I have wondered about this bow also. A top finger shooter from Australia named Rhys Aizlewood shoots one of the moneymakers in the freestyle limited division. How much can you get one used for? Rick Stark one of the best barebow shooter out there used to shoot a PSE shark. Not sure what cams he had on it, but he could shoot it well and that was stringwalkin.:mg:


----------



## tazhunter0 (Jun 21, 2006)

Harperman said:


> Just for conversation's sake.......I often wonder why the Moneymaker from PSE didnt have more interest among Fingershooters??....I had two of them, and my only complaint was the short valley, and most of this issue was in my head, really....The Moneymaker has a deflexed riser, a reasonably smooth draw cycle, outstanding grip, decent A-T-A, and brace height, and made respectable speed for it's over-all Specs...Pretty quiet, easy to tune, and the lowest price of any of the Top Line Manf. Flagship Target bows, at an MSRP of $950.00....I might try to find another Moneymaker used this fall, and shoot it without the bottom draw stop, as was recommended to me by a World class shooter....Anyone on here shot, or now shoot, a Moneymaker with Fingers??....Jim


I shot a Ni cam and a LF cam Moneymaker with fingers before I hurt my hand earlier this year and had to go to a release. The LF cam I loved, the Ni I didn't care for (my .02) both are good bows. Still wanting to put Vendetta cams on a Moneymaker to shoot. I think it would be a smooth drawing bow and some more speed for 3d. 
I also shot a Hoyt with sprials and liked it. I think thats why I liked the LF cam so much.

Chris


----------



## DDSHOOTER (Aug 22, 2005)

tazhunter0 said:


> I shot a Ni cam and a LF cam Moneymaker with fingers before I hurt my hand earlier this year and had to go to a release. The LF cam I loved, the Ni I didn't care for (my .02) both are good bows. Still wanting to put Vendetta cams on a Moneymaker to shoot. I think it would be a smooth drawing bow and some more speed for 3d.
> I also shot a Hoyt with sprials and liked it. I think thats why I liked the LF cam so much.
> 
> Chris


I have to agree. Love the bow but the cam was a bit to hard for me.
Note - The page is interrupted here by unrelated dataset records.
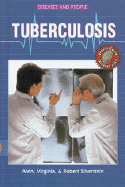 Tuberculosis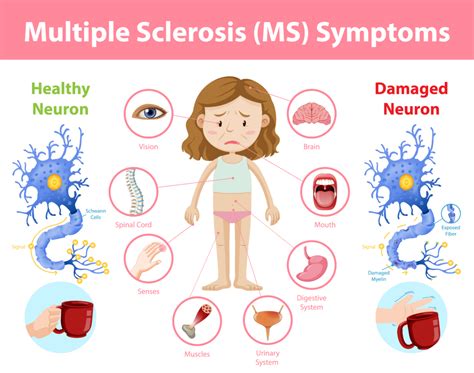 Can you have MS symptoms everyday?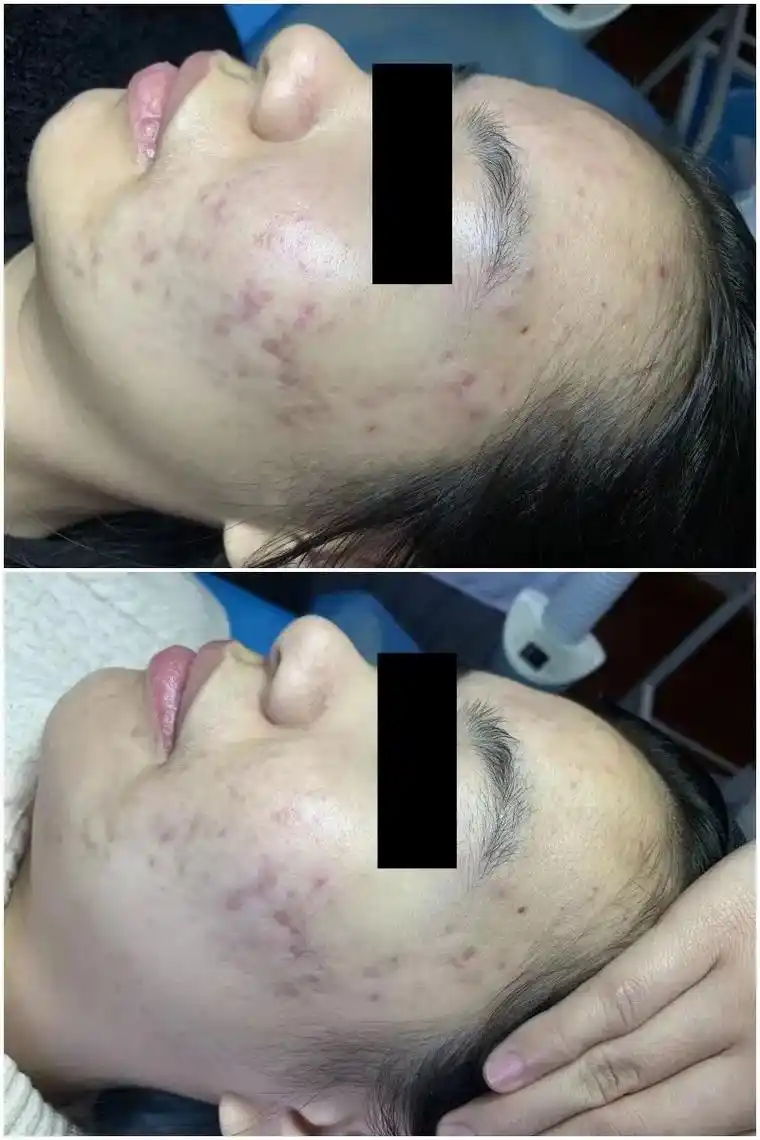 小姐姐三次纯中药祛痘的效果炎症基本控制住了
I seem to have a very long power cycle with a short valley. dd


----------



## Finger_Flinger (Mar 25, 2009)

I wouldn't mind trying one, but, I always end up going back to my 99' Reflex Caribou II.


----------



## Ozzy (Aug 6, 2003)

I have my Moneymaker NI set on the 80% let-off (with a release aid).
This lengthens the valley. The 80% no good for fingers ?


----------